WHAT IS REQUIRED
Please reproduce all of the listing below exactly and drop its images.

DATASET EXCERPT
+ + + +

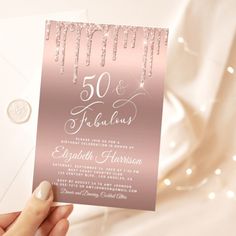 a person holding up a pink and silver wedding card with the word 50 and fabulous written on it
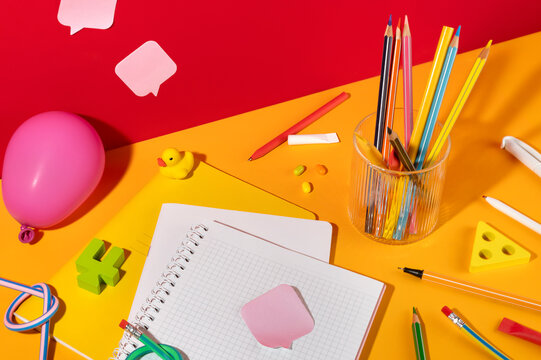 Colorful Pencils, Numbers, Notebooks and Stickers on Orange Backdrop. 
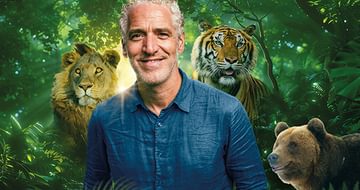Gordon Buchanan, a smiling man in a blue shirt standing in a lush jungle with a lion, tiger, and bear in the background. Sunlight filters through dense foliage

+ + + +

ANSWER BOX
 a person holding up a pink and silver wedding card with the word 50 and fabulous written on it
 Colorful Pencils, Numbers, Notebooks and Stickers on Orange Backdrop. 
Gordon Buchanan, a smiling man in a blue shirt standing in a lush jungle with a lion, tiger, and bear in the background. Sunlight filters through dense foliage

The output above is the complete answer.